Educação em saúde estimula adesão positiva ao tratamento de tuberculose

Isis Breves


Para se curar da tuberculose a profilaxia é de seis meses. Um longo período para um tratamento e que pode contribuir para o abandono da terapia, porque a partir do segundo mês tomando a medicação o paciente não sente mais os sintomas da doença. Mas interromper a medicação favorece o desenvolvimento de bacilos multirresistentes aos antibióticos, o que torna a terapia mais complexa e mais longa com o emprego de um número maior de drogas que, conseqüentemente, aumentam os efeitos adversos e favorecem a falta de estímulo para levar o processo até o final. O Instituto de Pesquisa Clínica Evandro Chagas (Ipec) da Fiocruz, por uma pesquisa de mestrado, avaliou os motivos desse abandono e mostrou que estratégias educativas favorecem a adesão.

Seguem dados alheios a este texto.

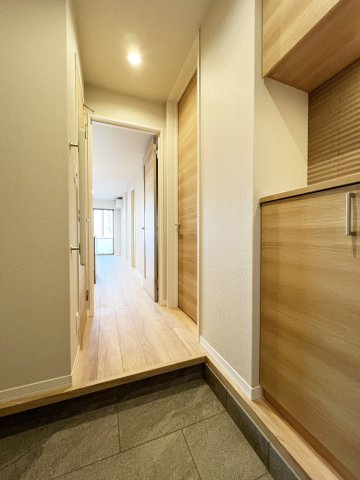 ルーエ清瀬の外観|外観撮ってきました♪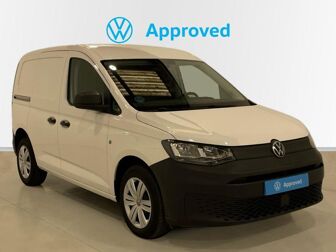 Imagen de VOLKSWAGEN Caddy 2.0TDI Origin 102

 Atendimento a paciente com tuberculose no Ipec

Atendimento a paciente com tuberculose no Ipec


“A partir do segundo mês de tratamento, quando os sinais da doença desaparecem, muitos pacientes acreditam estar curados e abandonam o tratamento. Quando interrompido o tratamento, o indivíduo pode voltar a ter a doença da forma mais grave e desenvolver resistência aos medicamentos usados no primeiro tratamento, que levará a incluir mais drogas. A resistência consiste na principal preocupação mundial em relação à doença. Por isso, a importância deste estudo para desenvolver estratégias educacionais à adesão do tratamento de tuberculose”, explica a enfermeira e coordenadora de estudo dos ensaios clínicos em tuberculose do Ipec, Simone de Souza Carvalho, que obteve o título de mestre pela Pós-Graduação em Ensino em Biociências e Saúde do Instituto Oswaldo Cruz (IOC) com a  dissertação Educação em saúde: uma estratégia para minimizar o abandono do tratamento da tuberculose em pacientes do Ipec/Fiocruz, orientada por Claudia Teresa Vieira de Souza e Valéria Cavalcanti Rolla.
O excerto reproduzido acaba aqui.